Your instructions —
Transcribe exactly, and only, the lines from the one containing "tphcm xin bo" through the end of the entries below, leaving the pictures out.

───── Given records ─────

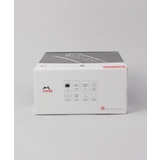 ピコ・ココット ラウンド 20cm バジルグリーン ＜staub ストウブ＞ | 212 KITCHEN STORE | 詳細画像10 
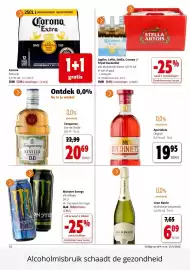 Colruyt folder Pagina 18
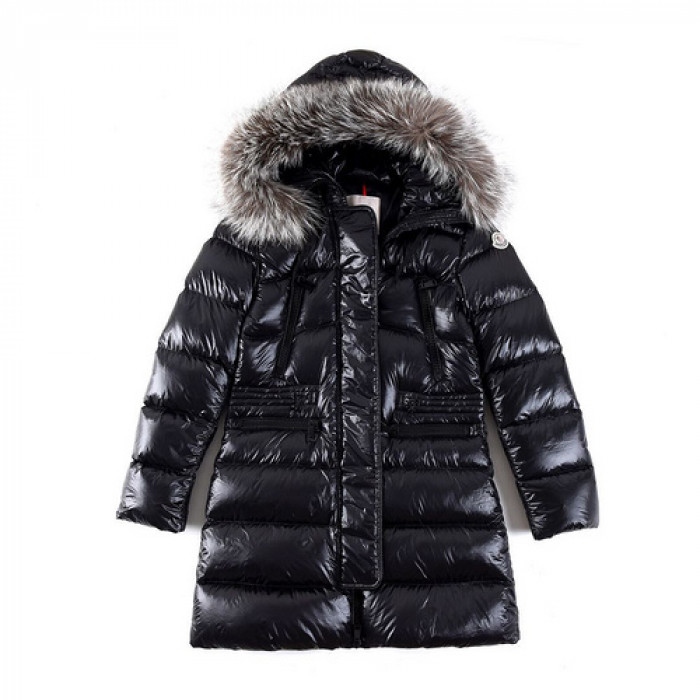 m0ncler coat
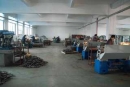 Ningbo Huaguang Machinery Co., Ltd.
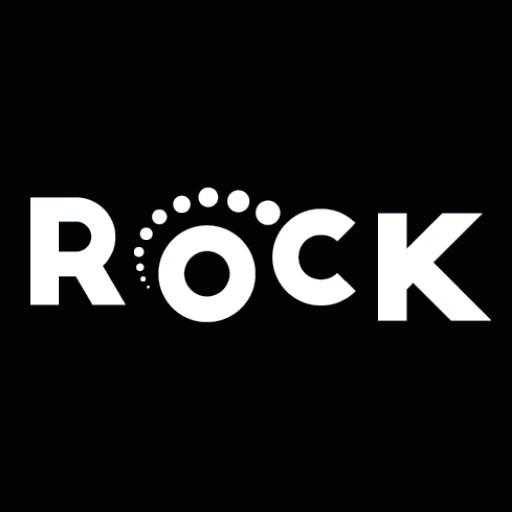Rock Bologna 1.0.37 Icon
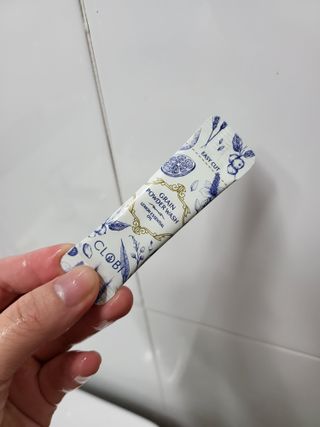 안쓰는ㅈㅈㅈ님이 올린 리뷰 사진 1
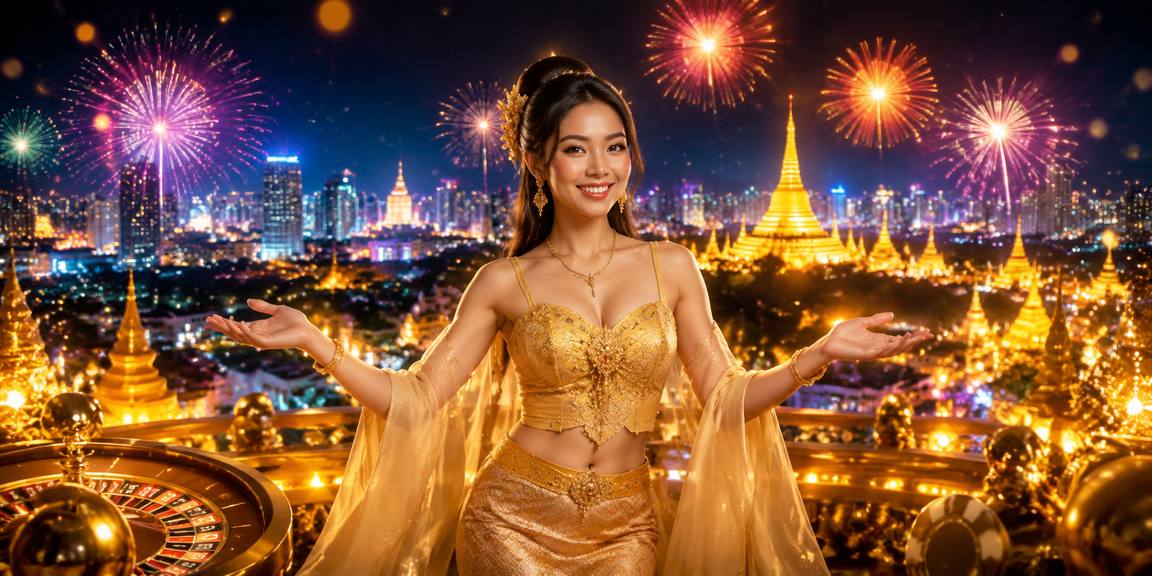 bet356 bet356 အက်ပ် — ကစားခန်းတစ်ခုလုံး ဖုန်းထဲရောက်လာတယ်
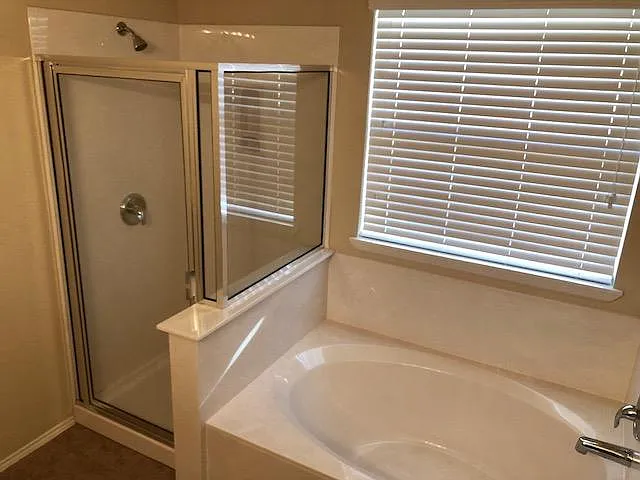 228 Pigeonberry Pass — Photo 13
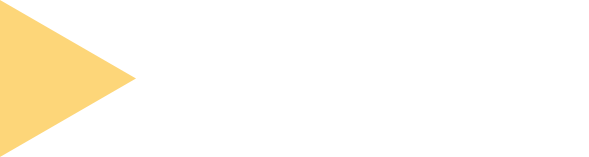 原来真的有城市，可以一天24小时都快乐~（1）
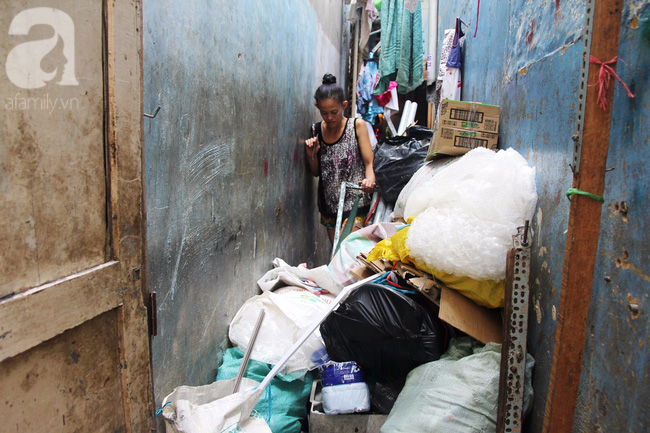 tphcm xin bo di tim me be gai 6 tuoi mat tich bi an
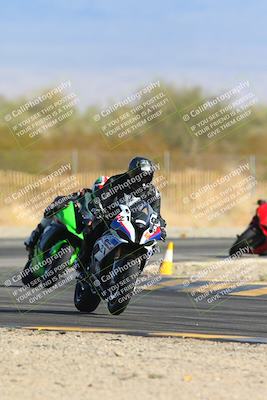 media/Dec-01-2024-TrackXperience (Sun) [[fa1e166fcf]]/Level 3/Session 3 (Turns 2 and 1 Exit)/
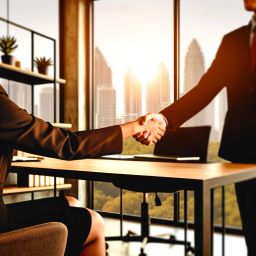 Do employers need permission to do a DBS check?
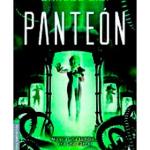 PANTEON (BOOKET)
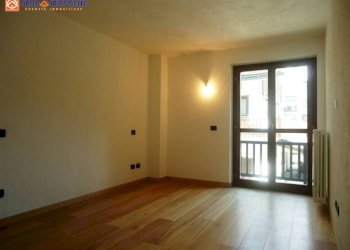 Foto 6 - Trilocale Entreves, Courmayeur - foto 6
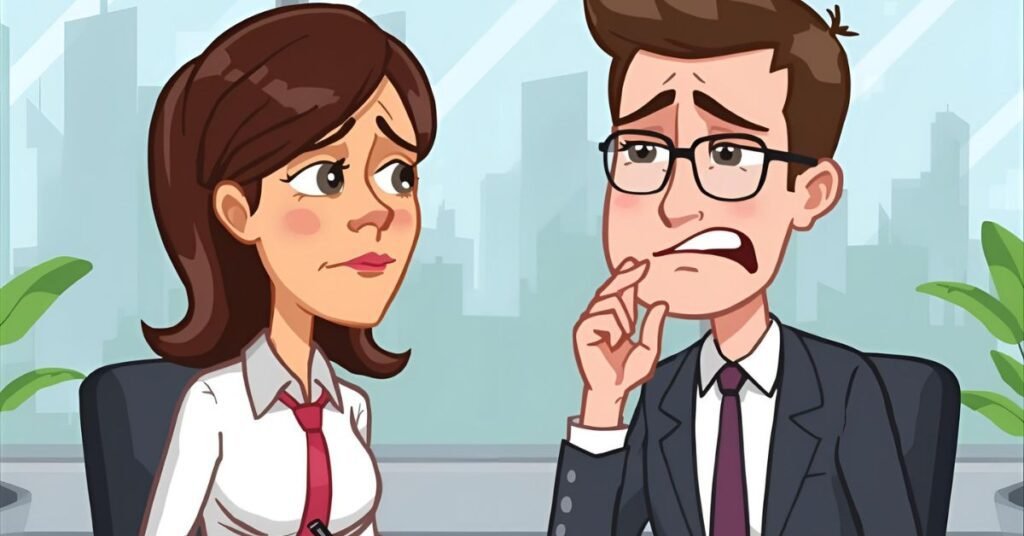 job-interview-jokes-office-funny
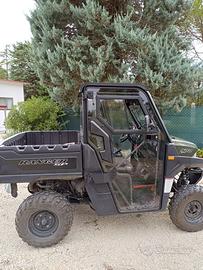 Polaris Ranger 570SP EPS cabinato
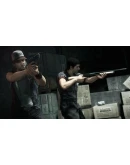 Dead Rising 3: Apocalypse Edition Xbox активация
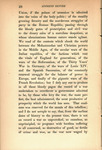 An address delivered at the inauguration of the Union club, 9 April, 1863 by Edward Everett and Little, Brown and Company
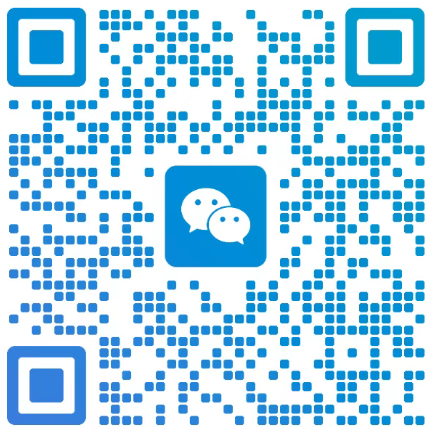 微信图片_2026-09-20_114940_712.png 微信图片_2026-09-20_114940_712.png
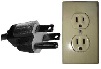 B-plug.jpg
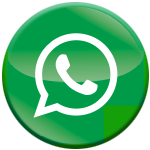 Whatsapp miototo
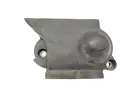 8200035525, 135630915R, Stirndeckel für nockenwelle Renault _1,2 16v D4F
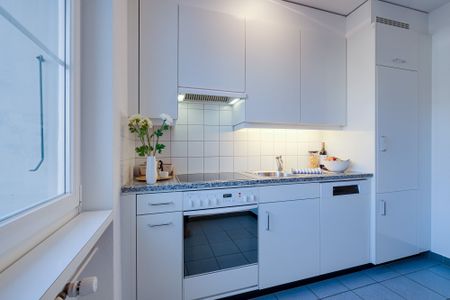 Schnäppchen an zentraler Lage... - Photo 4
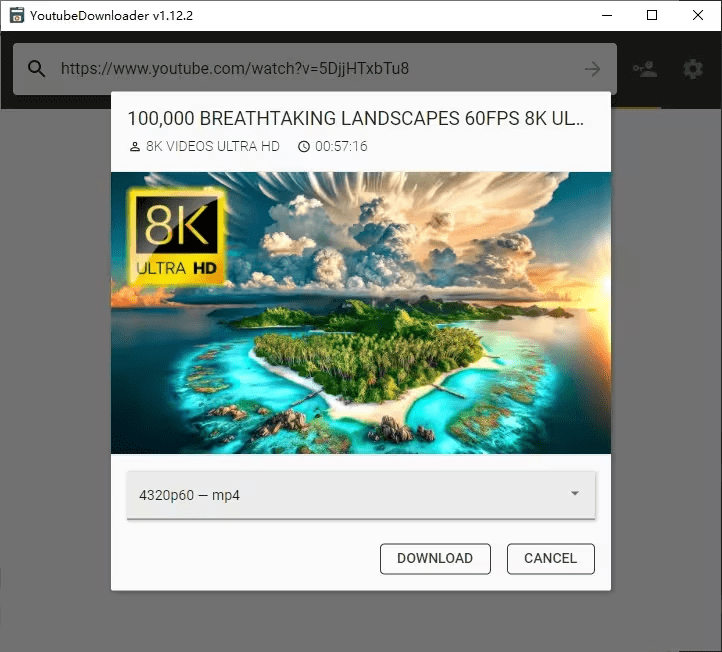 20240706220834716-1720274840053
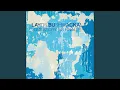 Download Lagu Love Story (vs Finally) (Tim Deluxe Club Mix)
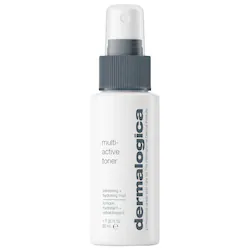 Dermalogica Multi-Active Toner - Image 2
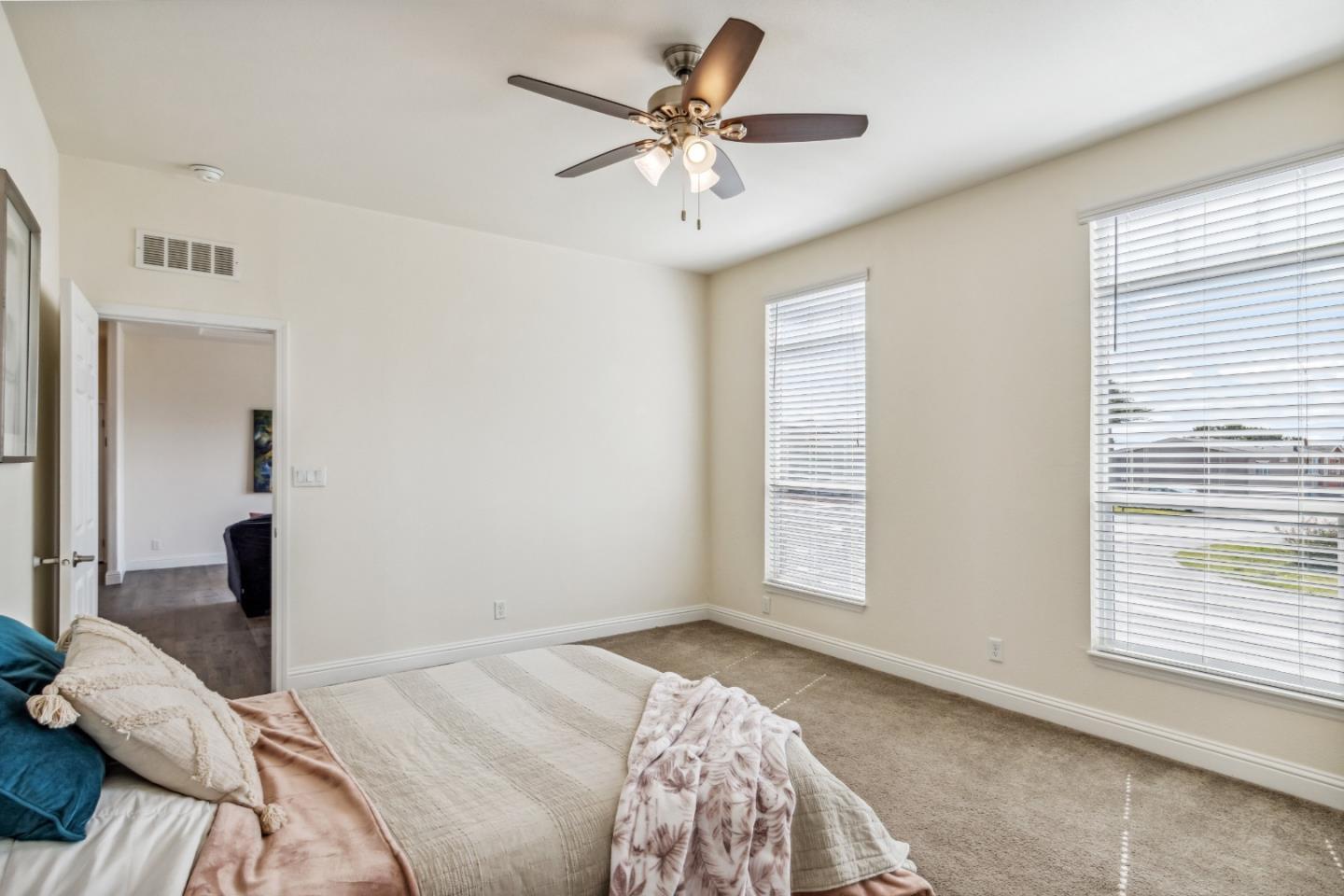 Detail Gallery Image 17 of 43 For 800 Dolan Rd #36,  Moss Landing,  CA 95039 - 3 Beds | 2 Baths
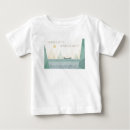 Suche nach wunde babykleidung Aquarell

─────

Answer space —
 tphcm xin bo di tim me be gai 6 tuoi mat tich bi an
 media/Dec-01-2024-TrackXperience (Sun) [[fa1e166fcf]]/Level 3/Session 3 (Turns 2 and 1 Exit)/
 Do employers need permission to do a DBS check?
 PANTEON (BOOKET)
 Foto 6 - Trilocale Entreves, Courmayeur - foto 6
 job-interview-jokes-office-funny
 Polaris Ranger 570SP EPS cabinato
 Dead Rising 3: Apocalypse Edition Xbox активация
 An address delivered at the inauguration of the Union club, 9 April, 1863 by Edward Everett and Little, Brown and Company
 微信图片_2026-09-20_114940_712.png 微信图片_2026-09-20_114940_712.png
 B-plug.jpg
 Whatsapp miototo
 8200035525, 135630915R, Stirndeckel für nockenwelle Renault _1,2 16v D4F
 Schnäppchen an zentraler Lage... - Photo 4
 20240706220834716-1720274840053
 Download Lagu Love Story (vs Finally) (Tim Deluxe Club Mix)
 Dermalogica Multi-Active Toner - Image 2
 Detail Gallery Image 17 of 43 For 800 Dolan Rd #36,  Moss Landing,  CA 95039 - 3 Beds | 2 Baths
 Suche nach wunde babykleidung Aquarell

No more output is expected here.